• _Pictures with short captions_
= = = =

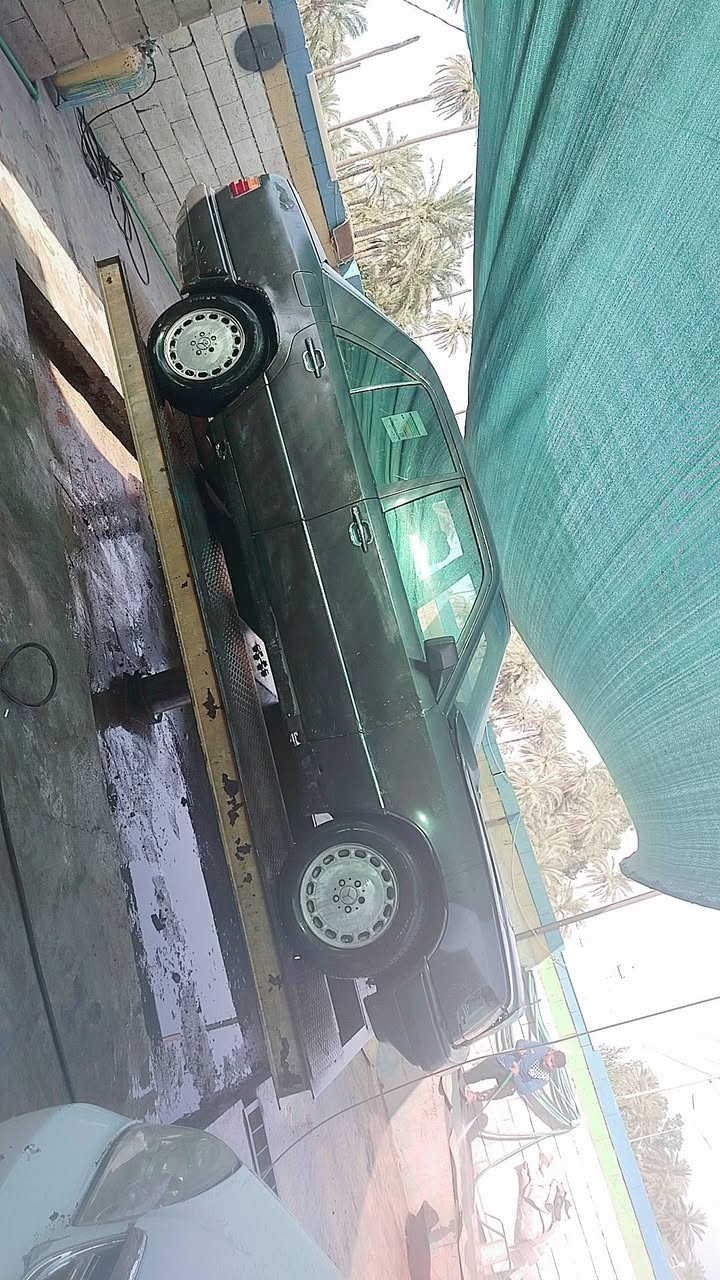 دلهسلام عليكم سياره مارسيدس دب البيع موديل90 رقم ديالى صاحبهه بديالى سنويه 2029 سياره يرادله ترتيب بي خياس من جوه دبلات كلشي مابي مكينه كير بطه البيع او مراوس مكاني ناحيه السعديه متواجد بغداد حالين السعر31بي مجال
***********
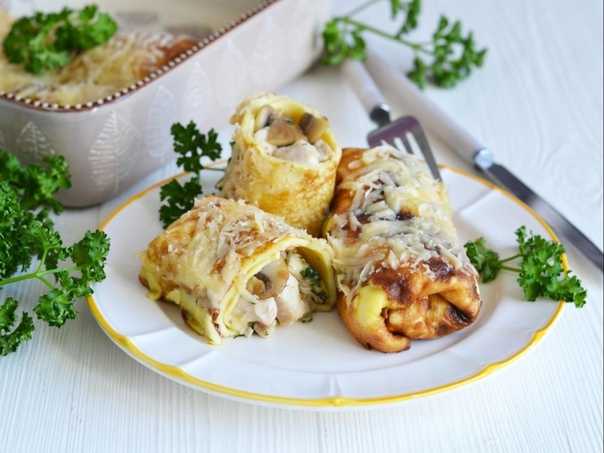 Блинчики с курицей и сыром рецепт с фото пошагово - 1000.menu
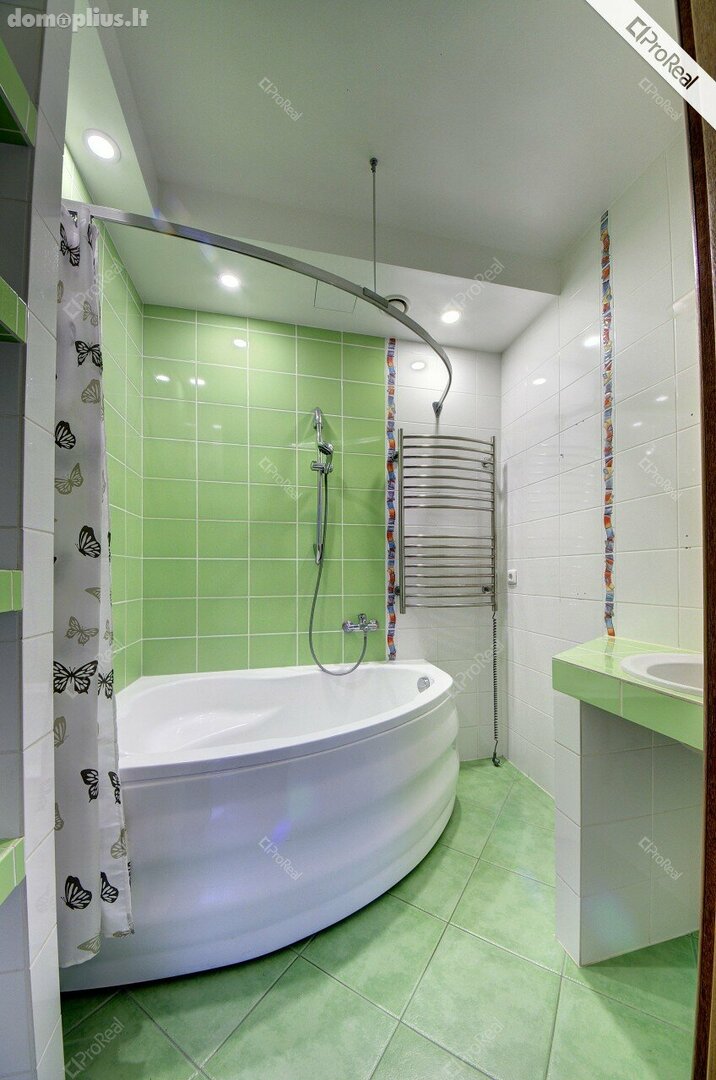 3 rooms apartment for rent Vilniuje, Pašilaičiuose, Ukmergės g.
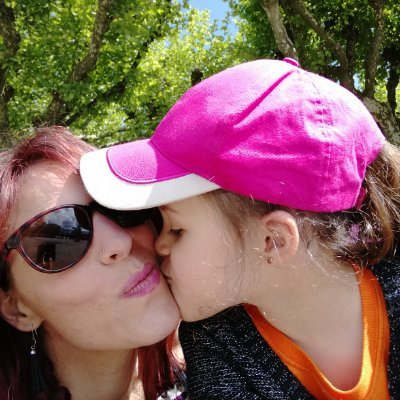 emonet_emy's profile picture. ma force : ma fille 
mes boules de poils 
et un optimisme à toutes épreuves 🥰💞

= = = =

• _Activity_
Only the lines from the one containing "Блинчики с курицей" through the last line of the data belong in the copy, both included and reproduced exactly. Pictures do not.

• _Exercise response_
 Блинчики с курицей и сыром рецепт с фото пошагово - 1000.menu
 3 rooms apartment for rent Vilniuje, Pašilaičiuose, Ukmergės g.
 emonet_emy's profile picture. ma force : ma fille 
mes boules de poils 
et un optimisme à toutes épreuves 🥰💞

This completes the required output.